(EXTRACTED INFORMATION)
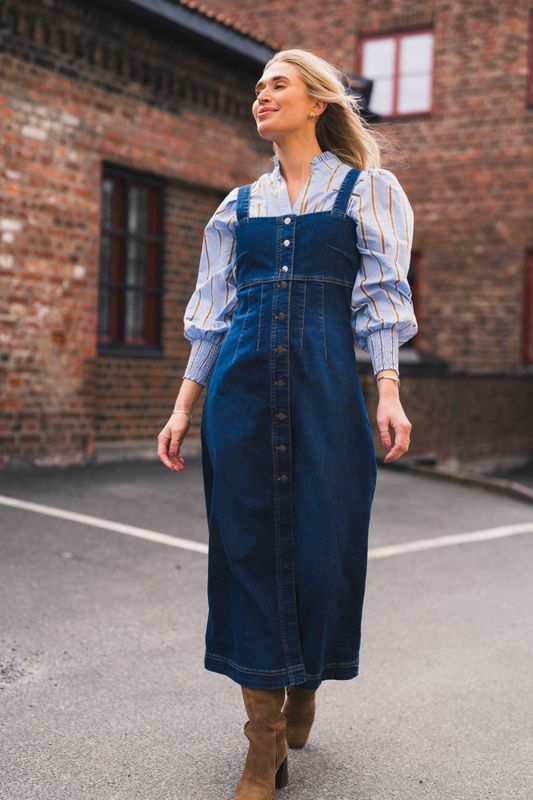 Tyler Denim Long Dress Denim Blue 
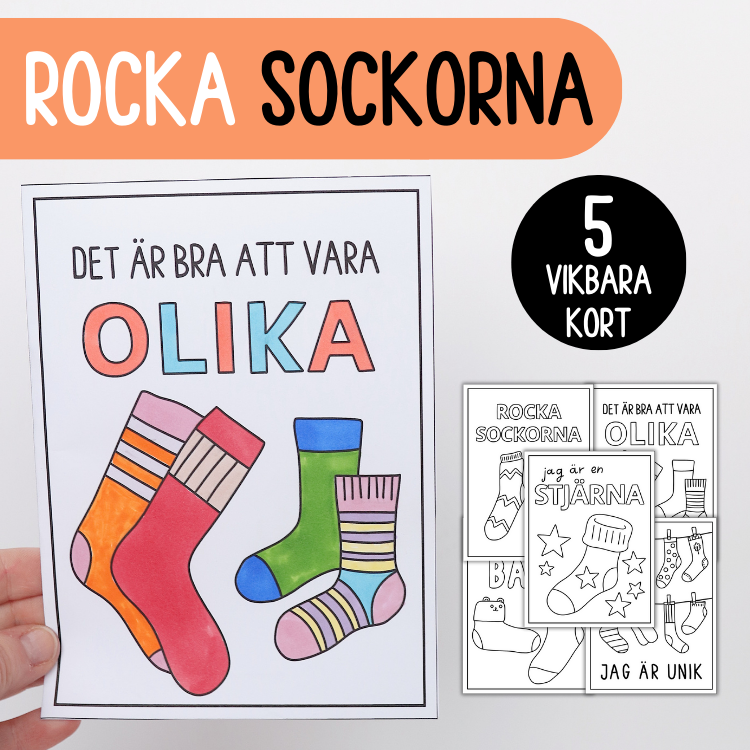 Pyssla kort till rocka sockorna-dagen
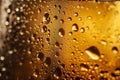 Beer Glass Condensation Texture Background, Cold Wine Bottle Mockup, Golden Bubbles Royalty Free Stock Photo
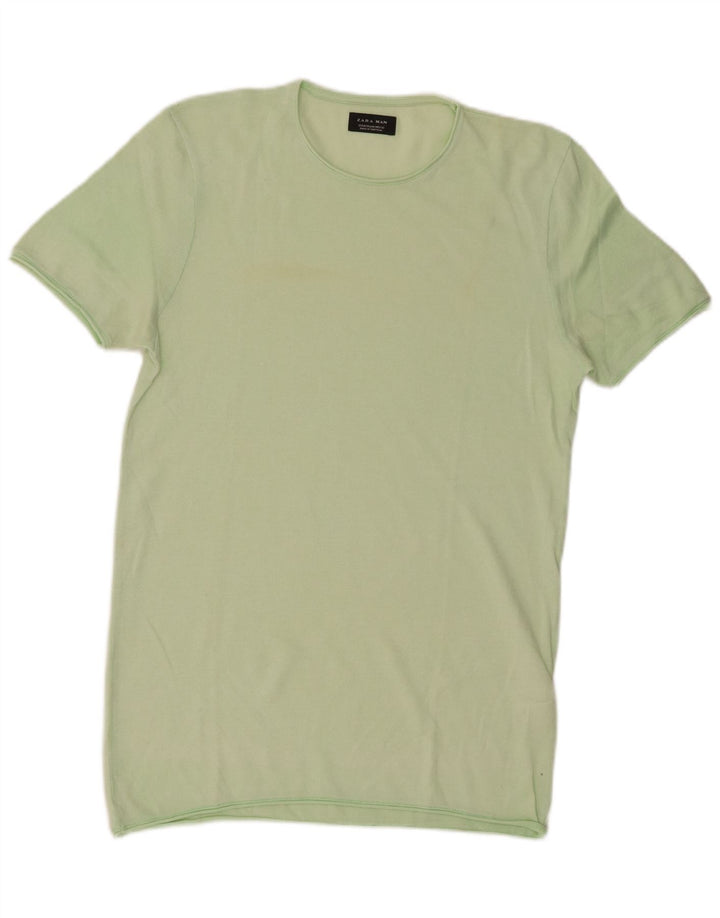 Ανδρικό T-Shirt Zara Top Μεσαίο πράσινο βαμβακερό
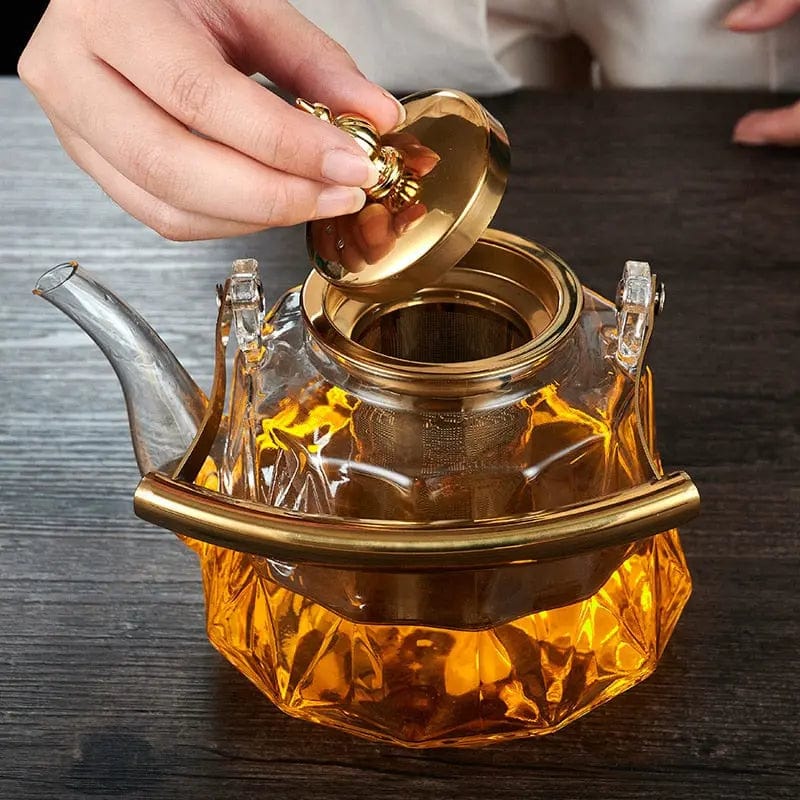 Goldene Glasteekanne 1L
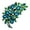Golden + Blue, variant on Walbest Women Elegant Flower Shape Rhinestone Brooch Pin Badge Scarf Decoration, Crystal Alloy Breastpin for Wedding Banquet Evening Party, Size: 2.95" x 1.97"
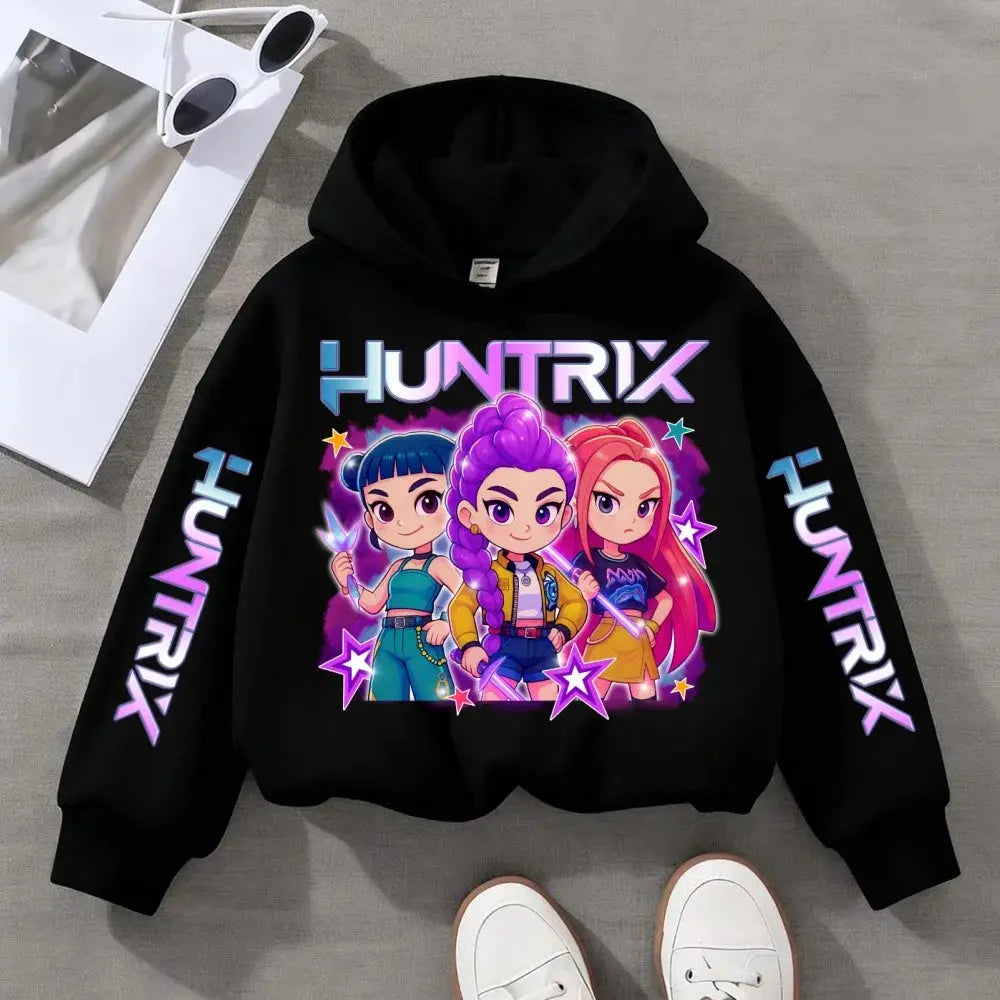 Witch Hunter Group Zoey Cosplay Costume Girls Womens Halloween Party Costumes Demon Hunter Idol Girl Group Purple Casual Hoodie Trikidsworld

(WORK TASK) Would you set down the records above once more, exactly, with the pictures removed?

(ANSWER SPACE)
 Tyler Denim Long Dress Denim Blue 
 Pyssla kort till rocka sockorna-dagen
 Beer Glass Condensation Texture Background, Cold Wine Bottle Mockup, Golden Bubbles Royalty Free Stock Photo
 Ανδρικό T-Shirt Zara Top Μεσαίο πράσινο βαμβακερό
 Goldene Glasteekanne 1L
Golden + Blue, variant on Walbest Women Elegant Flower Shape Rhinestone Brooch Pin Badge Scarf Decoration, Crystal Alloy Breastpin for Wedding Banquet Evening Party, Size: 2.95" x 1.97"
 Witch Hunter Group Zoey Cosplay Costume Girls Womens Halloween Party Costumes Demon Hunter Idol Girl Group Purple Casual Hoodie Trikidsworld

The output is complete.